Egypt’s IMF Review Faces Food and Energy Stress
The IMF is monitoring how the Middle East conflict is feeding into energy costs, fertilizer shipments, and food security, just as Egypt seeks progress on the latest reviews of its IMF supported program.
The key issue is no longer only external financing. It is how higher energy, freight, and fertilizer costs could pass through into food prices, fiscal pressure, and Egypt’s import bill.
Key insights:
- Egypt could access around USD 1.6 billion if a staff level agreement is reached under the latest IMF review discussions, providing an important external liquidity buffer.
- The new review follows February’s completion of the fifth and sixth IMF reviews, which allowed Egypt to draw about USD 2.3 billion under the EFF and RSF framework.
- The IMF warned that fertilizer price increases can take around six months to feed through into food prices, creating delayed pressure on agriculture, crop yields, and household costs.
- Fertilizer risk is becoming more global. Around 25 to 30 percent of world nitrogen fertilizer exports normally pass through the Strait of Hormuz.
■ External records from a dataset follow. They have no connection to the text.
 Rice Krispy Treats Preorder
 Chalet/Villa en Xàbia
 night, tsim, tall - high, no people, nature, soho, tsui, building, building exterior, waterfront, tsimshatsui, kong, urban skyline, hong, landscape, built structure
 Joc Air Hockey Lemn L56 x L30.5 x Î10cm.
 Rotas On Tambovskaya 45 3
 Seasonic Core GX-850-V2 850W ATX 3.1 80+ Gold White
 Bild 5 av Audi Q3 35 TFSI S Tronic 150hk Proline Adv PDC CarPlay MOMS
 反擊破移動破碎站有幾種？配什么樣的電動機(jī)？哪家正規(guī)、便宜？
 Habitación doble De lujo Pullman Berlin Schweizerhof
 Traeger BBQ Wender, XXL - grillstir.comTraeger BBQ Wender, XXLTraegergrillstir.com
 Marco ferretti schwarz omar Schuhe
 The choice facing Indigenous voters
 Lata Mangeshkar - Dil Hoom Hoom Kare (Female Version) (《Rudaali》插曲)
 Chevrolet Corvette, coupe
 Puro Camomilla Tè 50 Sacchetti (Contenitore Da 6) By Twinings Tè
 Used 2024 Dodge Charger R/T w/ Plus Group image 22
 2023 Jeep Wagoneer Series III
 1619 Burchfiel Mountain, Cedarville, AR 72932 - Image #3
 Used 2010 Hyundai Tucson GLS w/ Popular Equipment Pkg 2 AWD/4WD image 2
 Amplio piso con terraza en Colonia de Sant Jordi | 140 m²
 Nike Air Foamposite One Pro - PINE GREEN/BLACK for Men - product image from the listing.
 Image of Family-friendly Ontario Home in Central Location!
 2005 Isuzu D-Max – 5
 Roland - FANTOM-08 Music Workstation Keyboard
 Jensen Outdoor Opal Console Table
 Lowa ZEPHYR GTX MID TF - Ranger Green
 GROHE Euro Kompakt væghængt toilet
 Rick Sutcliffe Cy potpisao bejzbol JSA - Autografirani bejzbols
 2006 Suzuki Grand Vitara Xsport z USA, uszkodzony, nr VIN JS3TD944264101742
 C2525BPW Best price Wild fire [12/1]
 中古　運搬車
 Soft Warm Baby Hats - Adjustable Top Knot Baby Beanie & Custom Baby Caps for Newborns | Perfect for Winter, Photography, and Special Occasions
- Egypt’s exposure is high because food, fuel, and fertilizer costs directly affect subsidies, imports, inflation, and foreign currency needs.
- External financing remains critical, with estimates pointing to about USD 36.3 billion in external debt repayments and interest due in H1 2026.
The main takeaway is that IMF support is becoming more important as a stabilization anchor. For Egypt, the next review is not only about unlocking funding. It is about preserving confidence while energy shocks, fertilizer disruption, and food security risks test fiscal discipline and external liquidity.